The emergence of Cloud computing, and the more recent emergence of MLOps (the combination of Machine Learning and Operations), has shown that there is an eagerness from businesses to take advantage of Machine Learning technology. Although businesses in certain sectors already use ML, many are still in the early stages of adoption. They are yet to advance their ML capabilities to something more than just a science experiment.
The Applied Data Science and Machine Learning (ADSML) team at Sainsbury’s Tech carries a vision: “To give colleagues and customers access to automated data-driven support for all their complex decision making”. We want to be able to help make these decision-making algorithms as accessible and as automated as possible.
A year ago or so, the ADSML team was new to the world of serverless architecture and building data pipelines that productionise data science algorithms. We built our first couple of pipelines with similar approaches. The first being 10–12 different Lambda Functions chained together, with each triggered by the output of the previous Lambda landing a file in S3. Each Lambda would perform a small part of the pipeline. This would include ETL (Extract-Transform-Load), algorithm execution and post processing. Although these pipelines worked well, we soon figured out the limitations of this approach and of Lambda Functions in general. These limitations were:
- Messy S3 buckets: loads of files landing into different areas in S3
- No single view of execution flow, no graphical/easy way to track the executions in real-time
- With around 8000 execution per day, it made it very difficult to find single points of failure
- It was difficult to install branching logic. Branching logic is when the pipeline is able to split and go down different routes depending on the outcome of a step. For example, there may be a step which determines whether we should retrain a model, if it does, it will proceed down the retraining route, if it doesn’t, it will proceed down the inference route.
The solution to this would be to use a tool which can orchestrate all our Lambda Functions. The tool should allow engineers to build pipelines where points of failure are easy to identify, errors are dealt with and state isn’t lost. This is where a service named AWS Step Functions comes in.
Step Functions is an AWS service which gives users a reliable way to chain together all components of a pipeline. It’s a fully managed service which means that you won’t have to worry about setting up the infrastructure in order to run it. All of this is handled by AWS so there’s no more painful machine configuration and maintenance (see Airflow). Various AWS services are available to use, and executions can be coordinated and tracked in a visual way. You can create pipelines which are easy to run and debug, but it also makes branching or parallel steps easy.
Step Functions uses state machines which allow you to define your workflows as individual tasks called “States”. Each state can perform many different functions, which defines the “Type” of state you want to use. This includes:
- Task state (do some work)
- Choice state (make a choice between branches of execution)
- Parallel state (begin parallel branches of execution)
- and more
The configuration of state machines is written in Amazon’s States Language which is a JSON-based, structured language used to define each one of your states. The following is an example from the AWS Step Functions developer guide. It shows a state named HelloWorld that executes an AWS Lambda function.
"Comment": "Run the HelloWorld Lambda function"
Within each state definition you will need to specify the following:
- The name of the state
- The ‘Type’ of state (as described above)
- The type of resource you want to use. This can be invoking a Lambda function, creating a SageMaker training job, etc.
- The name of which state will come next. This is what allows you to chain states together
Then, as you create more states and chain them together, you can always refer to the visual representation of your workflow to see how it works. Below is an example of a simple workflow we developed.
The config defines how the workflow will run across the multiple Lambda functions.

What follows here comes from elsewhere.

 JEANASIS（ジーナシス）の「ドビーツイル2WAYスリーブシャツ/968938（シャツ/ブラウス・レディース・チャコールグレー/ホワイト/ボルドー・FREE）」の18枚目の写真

It shows that the state machine starts from the ‘generate_uuid’ state which runs a Lambda function, and ends after the ‘run_register_task_correlation’ state, which also runs a Lambda function.
Plugging this config into Step Functions produces the lovely graphic of your pipeline, shown below.

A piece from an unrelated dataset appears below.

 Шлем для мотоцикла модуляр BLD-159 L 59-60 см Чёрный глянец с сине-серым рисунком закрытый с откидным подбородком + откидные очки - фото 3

With this graphical view of the pipeline, any state that passes will light up green, whereas failed states will light up red. This makes it easier to go straight to the relevant error messages to find out what’s gone wrong. Cool, right?

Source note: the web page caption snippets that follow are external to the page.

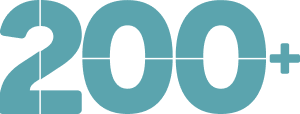 Texto turquesa grande que dice "200+" sobre un fondo claro, haciendo referencia a la escala del desarrollo mixto totalmente eléctrico cerca del Río Jordan de North Temple, con los números y el signo de más divididos uniformemente por líneas horizontales y verticales blancas.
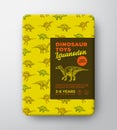 Dinosaur Toys Label Template. Abstract Vector Packaging Design Layout. Hand Drawn Iguanodon Sketch with Ancient Reptile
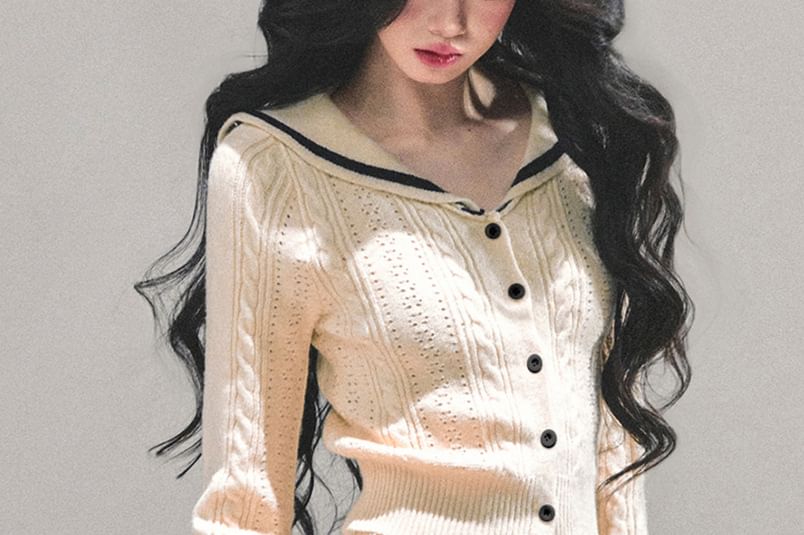 Set: Sailor Collar Crop Cardigan + Knit Mini Skirt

Although Step Functions has improved our ways of working and helped us manage our pipelines, it does come with some limitations:
- State machines have to run from the beginning each time. This means if for some reason the workflow fails at any step, you can’t restart it from that step. This can become annoying if one of the first steps is a time consuming ETL step.
- Amazon States Language has a bit of a learning curve and can possibly be a deterrent for engineers who are more used to something like Airflow.
- Step Functions integration is currently limited to certain AWS services
- Like all other AWS services, Step Functions has limits. Make sure to check those before determining whether Step Functions is the best tool to use for your use case.
Data has now become a focal part of our business so it is now essential to productionise the exploitation of that data. This will enable the decision makers of the business to do their jobs faster, and with more confidence. The ADSML team always looks to re-evaluate how we deliver our solutions, and the introduction of Step Functions is a great example of that. As we continue to develop the data pipelines with an orchestra of services, Step Functions will be continue to be the conductor.